İslâm
âlimlerinin büyüklerinden. Adı İbrâhîm bin Muhammed el-Hâris bin Esma İbn-i
Hârice el-Fezârî el-Kûfî'dir. Künyesi, Ebû İshâk'dır. Kûfe'de doğdu. Şam'a geldi
ve orada hadîs ilmini öğrendi. İmâm-ı Evzâî'nin zamanında bulunan ve ondan ilim
tahsil eden zâtlardandır. İmâm-ı Evzâî'nin sohbetlerine devam etti. Tâbiînden
Humeyd et-Tavîl, Ebî Tıvâle, Ebî İshâk es-Sebîî, İmâm-ı A'meş, Mûsâ bin Ukbe,
Yahyâ bin Saîd el-Ensârî, İmâm-ı Mâlik, Şu'be bin Haccâc, Süfyân-ı Sevrî ve daha
birçok zâtlarla görüşüp, onlardan ilim öğrendi ve hadîs-i şerîf rivâyet etti.
Muâviye bin Amr, el-Ezdî, Zekeriyya bin Adiy, Ebû Üsâme, Muhammed bin Selâm
el-Biykendî, İbn-i Mübârek, Muhammed bin Kesir el-Masîsî, el-Müseyyeb,
hocalarından İmâm-ı Evzâî ve başka zâtlar kendisinden rivâyetlerde
bulunmuşlardır.
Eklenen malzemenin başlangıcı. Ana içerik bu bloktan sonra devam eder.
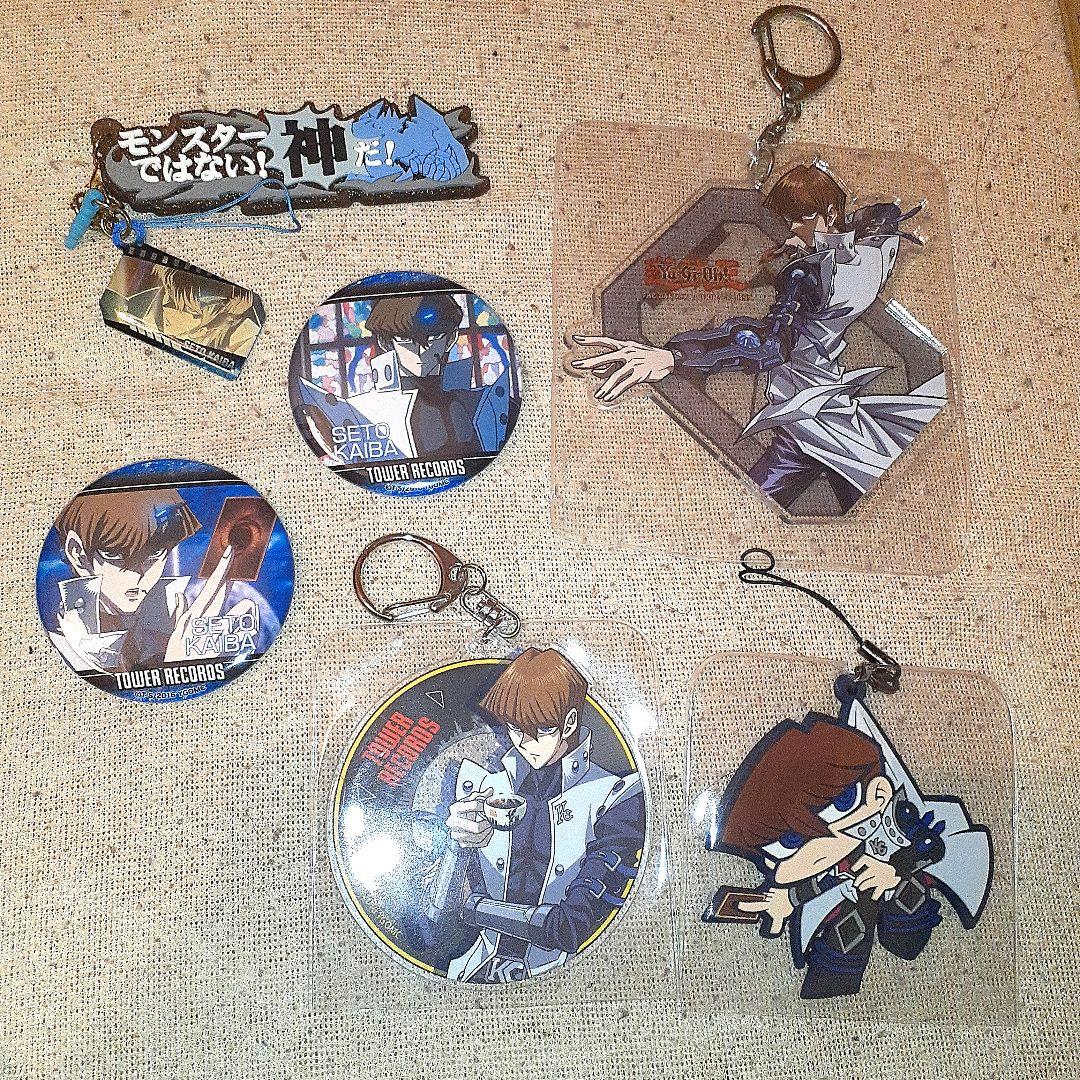 遊戯王　海馬瀬人　 グッズ6点セット　レア　美品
Hadîs ve fıkıh ilminde imam, sika (güvenilir) sâlih bir zât
olup, her hâli sünnete uygundu. Peygamber efendimizin (s.a.v.) sünnetine
bağlılığı o derece fazla idi ki, bulunduğu memleketin sınırları dâhiline bir
bid'at sahibi girse, derhal dışarı çıkarttırırdı. Beyrut ve civarında bulundu.
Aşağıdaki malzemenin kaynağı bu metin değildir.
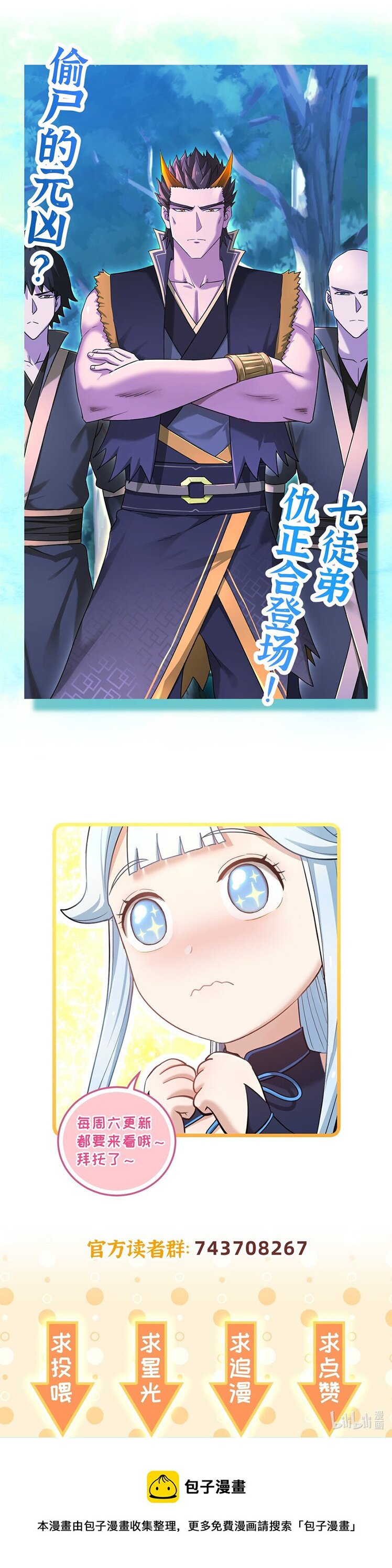 เกิดใหม่ในร่างบรรพบุรุษลัทธิมาร(จบ) ตอนที่ 31 หน้า 50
İnsanlara edebi ve Peygamber efendimizin (s.a.v.) sünnetini öğretti. Sonra
Bağdâd'a gitti. Halife Hârûn Reşîd kendisine çok iltifat ve ikrâmlarda bulundu.
Orada bir müddet kaldıktan sonra, Mopsueste şehrine yakın bir yere yerleşti ve
orada vefât etti. Vefâtında müslümanlar öyle üzüldüler ki o zamanda, başka
hiçbir şeye bu kadar üzülmemişlerdi.
Vefât târihini
Ebû Dâvûd 185, İmâm-ı Buhârî 186 ve İbn-i Sa'd 188 olarak rivâyet etmişlerdir.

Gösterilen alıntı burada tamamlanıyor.